Supplied data >>

□ □ □ □ □

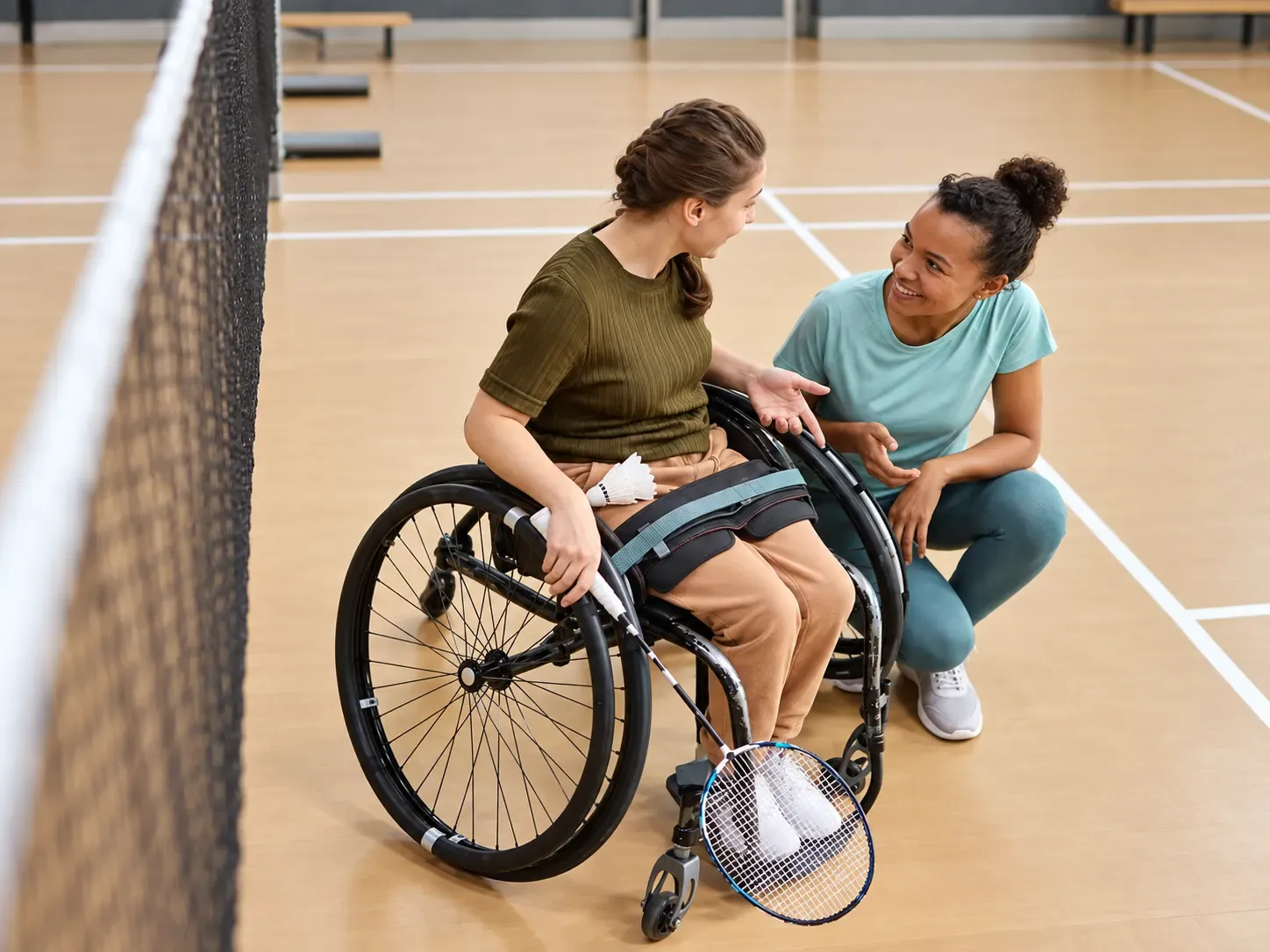 Zwei Frauen auf einem Badmintonplatz, eine von ihnen sitzt in einem Sportrollstuhl.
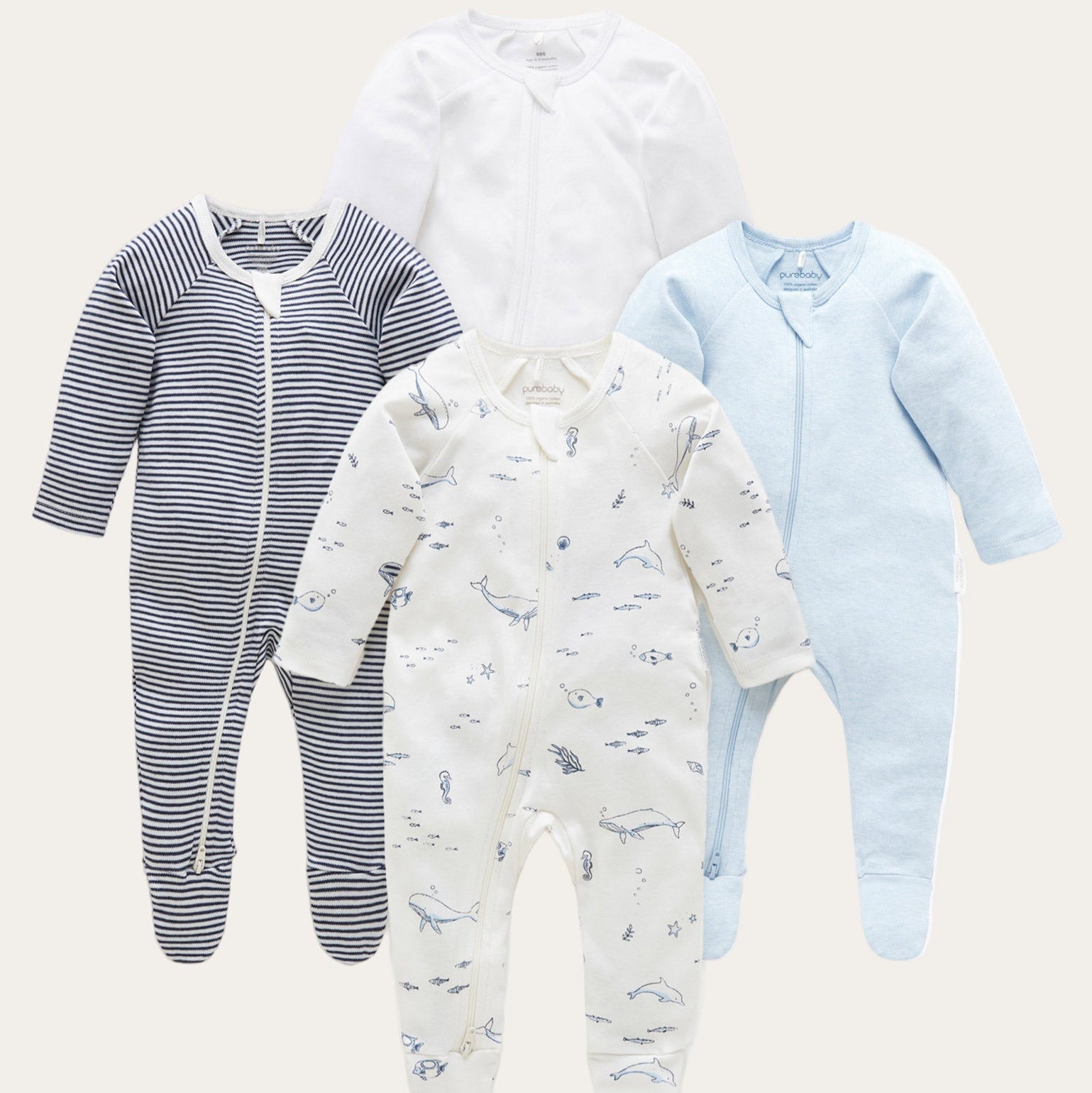 4 Pack Zip Growsuit – Vanilla Nautical Organic Cotton Set
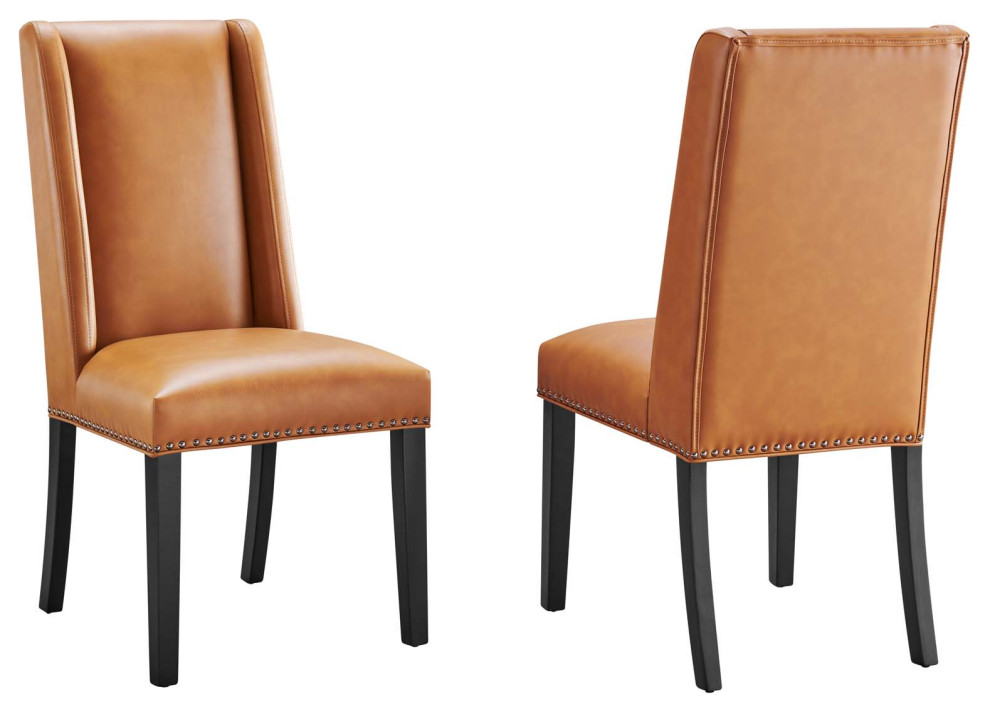 Baron Dining Chair Vinyl Set of 2, Tan Transitional Dining Chairs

□ □ □ □ □

Copy the data exactly. Any picture it contains is to be omitted.

 Zwei Frauen auf einem Badmintonplatz, eine von ihnen sitzt in einem Sportrollstuhl.
 4 Pack Zip Growsuit – Vanilla Nautical Organic Cotton Set
 Baron Dining Chair Vinyl Set of 2, Tan Transitional Dining Chairs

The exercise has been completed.